[[ INFORMATION PROVIDED, beginning ]]
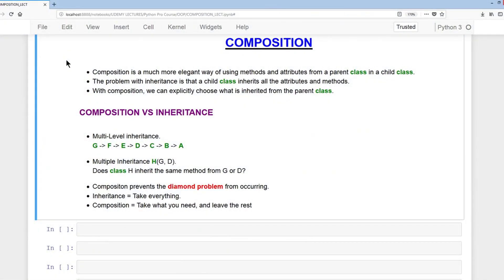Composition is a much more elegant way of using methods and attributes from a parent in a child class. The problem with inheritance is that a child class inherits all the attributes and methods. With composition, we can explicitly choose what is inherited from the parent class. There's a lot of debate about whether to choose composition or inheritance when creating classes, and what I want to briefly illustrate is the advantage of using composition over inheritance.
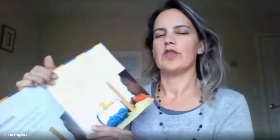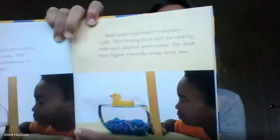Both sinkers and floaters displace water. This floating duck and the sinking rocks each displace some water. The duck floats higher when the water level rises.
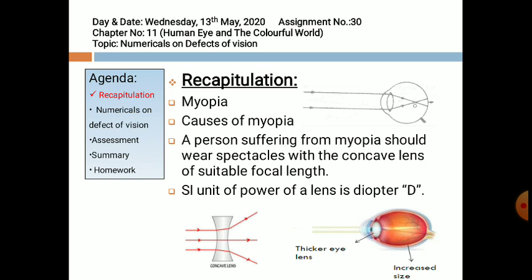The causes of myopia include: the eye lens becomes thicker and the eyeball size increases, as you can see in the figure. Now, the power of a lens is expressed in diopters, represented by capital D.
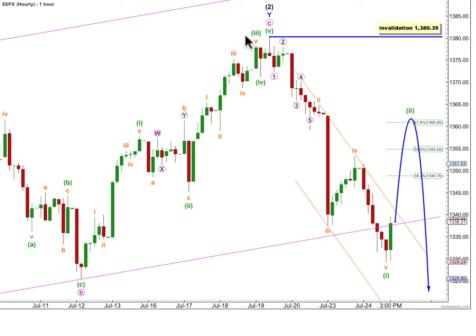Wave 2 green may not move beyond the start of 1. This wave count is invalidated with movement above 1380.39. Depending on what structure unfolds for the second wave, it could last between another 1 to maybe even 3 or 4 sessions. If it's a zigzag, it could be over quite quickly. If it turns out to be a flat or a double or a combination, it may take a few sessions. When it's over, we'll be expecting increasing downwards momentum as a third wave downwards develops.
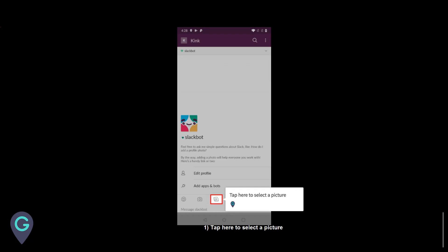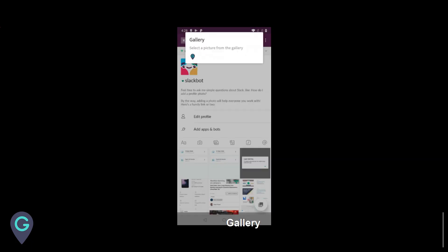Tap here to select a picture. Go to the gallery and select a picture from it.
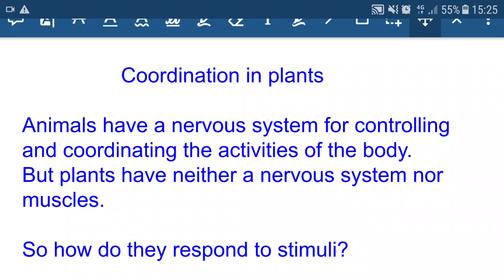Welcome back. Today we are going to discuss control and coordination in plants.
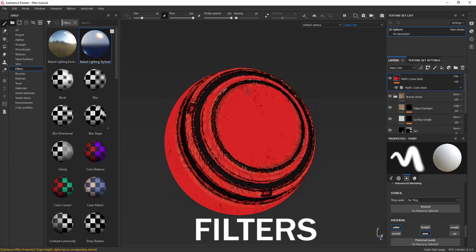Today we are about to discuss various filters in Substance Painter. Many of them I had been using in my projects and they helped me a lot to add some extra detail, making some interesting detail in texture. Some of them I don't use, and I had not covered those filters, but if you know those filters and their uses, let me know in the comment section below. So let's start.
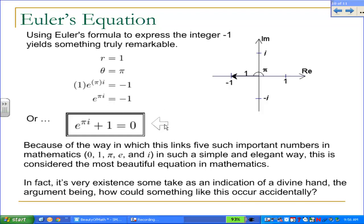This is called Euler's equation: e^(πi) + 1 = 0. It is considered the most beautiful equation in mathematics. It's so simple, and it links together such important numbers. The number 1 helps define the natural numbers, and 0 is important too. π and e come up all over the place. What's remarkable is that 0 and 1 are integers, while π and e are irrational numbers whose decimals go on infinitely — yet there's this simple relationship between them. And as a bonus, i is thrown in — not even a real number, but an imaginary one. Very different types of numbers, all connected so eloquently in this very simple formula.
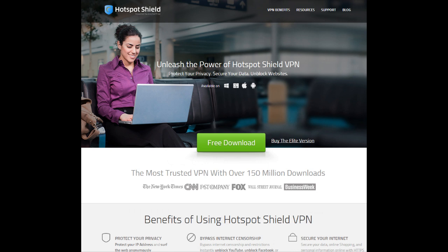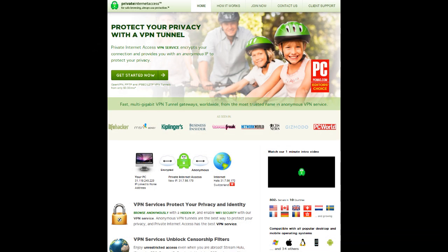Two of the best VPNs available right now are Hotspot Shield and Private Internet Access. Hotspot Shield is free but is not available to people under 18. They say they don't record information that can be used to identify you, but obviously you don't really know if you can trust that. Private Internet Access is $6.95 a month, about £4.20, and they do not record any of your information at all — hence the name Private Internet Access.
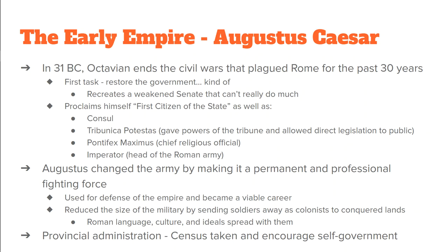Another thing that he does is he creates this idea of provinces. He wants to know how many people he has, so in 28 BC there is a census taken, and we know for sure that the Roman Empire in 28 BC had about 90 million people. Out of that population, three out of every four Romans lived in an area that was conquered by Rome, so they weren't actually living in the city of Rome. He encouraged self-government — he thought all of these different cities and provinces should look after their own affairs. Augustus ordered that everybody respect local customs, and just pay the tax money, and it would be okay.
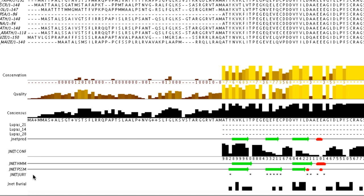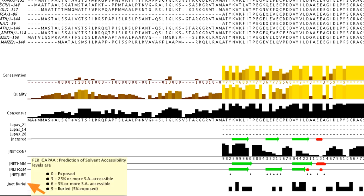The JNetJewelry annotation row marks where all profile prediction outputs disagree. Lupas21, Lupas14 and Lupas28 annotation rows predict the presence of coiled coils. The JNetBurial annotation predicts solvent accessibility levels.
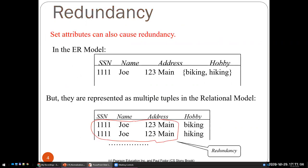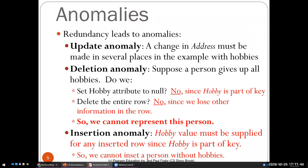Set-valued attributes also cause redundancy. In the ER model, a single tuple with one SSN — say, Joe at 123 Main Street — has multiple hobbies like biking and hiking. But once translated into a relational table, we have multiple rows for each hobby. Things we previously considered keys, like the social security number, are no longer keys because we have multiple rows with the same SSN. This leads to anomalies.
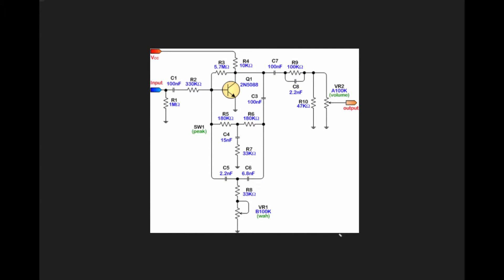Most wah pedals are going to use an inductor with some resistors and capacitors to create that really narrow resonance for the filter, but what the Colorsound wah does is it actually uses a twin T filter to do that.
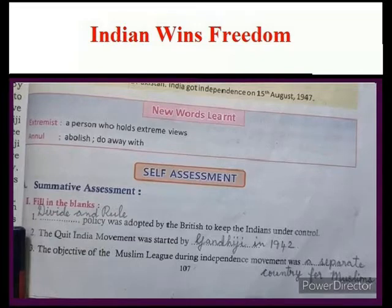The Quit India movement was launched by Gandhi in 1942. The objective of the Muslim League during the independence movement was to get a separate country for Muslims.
[[ INFORMATION PROVIDED, end ]]
The answer is the listing above repeated verbatim, minus its images.

Composition is a much more elegant way of using methods and attributes from a parent in a child class. The problem with inheritance is that a child class inherits all the attributes and methods. With composition, we can explicitly choose what is inherited from the parent class. There's a lot of debate about whether to choose composition or inheritance when creating classes, and what I want to briefly illustrate is the advantage of using composition over inheritance.
Both sinkers and floaters displace water. This floating duck and the sinking rocks each displace some water. The duck floats higher when the water level rises.
The causes of myopia include: the eye lens becomes thicker and the eyeball size increases, as you can see in the figure. Now, the power of a lens is expressed in diopters, represented by capital D.
Wave 2 green may not move beyond the start of 1. This wave count is invalidated with movement above 1380.39. Depending on what structure unfolds for the second wave, it could last between another 1 to maybe even 3 or 4 sessions. If it's a zigzag, it could be over quite quickly. If it turns out to be a flat or a double or a combination, it may take a few sessions. When it's over, we'll be expecting increasing downwards momentum as a third wave downwards develops.
Tap here to select a picture. Go to the gallery and select a picture from it.
Welcome back. Today we are going to discuss control and coordination in plants.
Today we are about to discuss various filters in Substance Painter. Many of them I had been using in my projects and they helped me a lot to add some extra detail, making some interesting detail in texture. Some of them I don't use, and I had not covered those filters, but if you know those filters and their uses, let me know in the comment section below. So let's start.
This is called Euler's equation: e^(πi) + 1 = 0. It is considered the most beautiful equation in mathematics. It's so simple, and it links together such important numbers. The number 1 helps define the natural numbers, and 0 is important too. π and e come up all over the place. What's remarkable is that 0 and 1 are integers, while π and e are irrational numbers whose decimals go on infinitely — yet there's this simple relationship between them. And as a bonus, i is thrown in — not even a real number, but an imaginary one. Very different types of numbers, all connected so eloquently in this very simple formula.
Two of the best VPNs available right now are Hotspot Shield and Private Internet Access. Hotspot Shield is free but is not available to people under 18. They say they don't record information that can be used to identify you, but obviously you don't really know if you can trust that. Private Internet Access is $6.95 a month, about £4.20, and they do not record any of your information at all — hence the name Private Internet Access.
Another thing that he does is he creates this idea of provinces. He wants to know how many people he has, so in 28 BC there is a census taken, and we know for sure that the Roman Empire in 28 BC had about 90 million people. Out of that population, three out of every four Romans lived in an area that was conquered by Rome, so they weren't actually living in the city of Rome. He encouraged self-government — he thought all of these different cities and provinces should look after their own affairs. Augustus ordered that everybody respect local customs, and just pay the tax money, and it would be okay.
The JNetJewelry annotation row marks where all profile prediction outputs disagree. Lupas21, Lupas14 and Lupas28 annotation rows predict the presence of coiled coils. The JNetBurial annotation predicts solvent accessibility levels.
Set-valued attributes also cause redundancy. In the ER model, a single tuple with one SSN — say, Joe at 123 Main Street — has multiple hobbies like biking and hiking. But once translated into a relational table, we have multiple rows for each hobby. Things we previously considered keys, like the social security number, are no longer keys because we have multiple rows with the same SSN. This leads to anomalies.
Most wah pedals are going to use an inductor with some resistors and capacitors to create that really narrow resonance for the filter, but what the Colorsound wah does is it actually uses a twin T filter to do that.
The Quit India movement was launched by Gandhi in 1942. The objective of the Muslim League during the independence movement was to get a separate country for Muslims.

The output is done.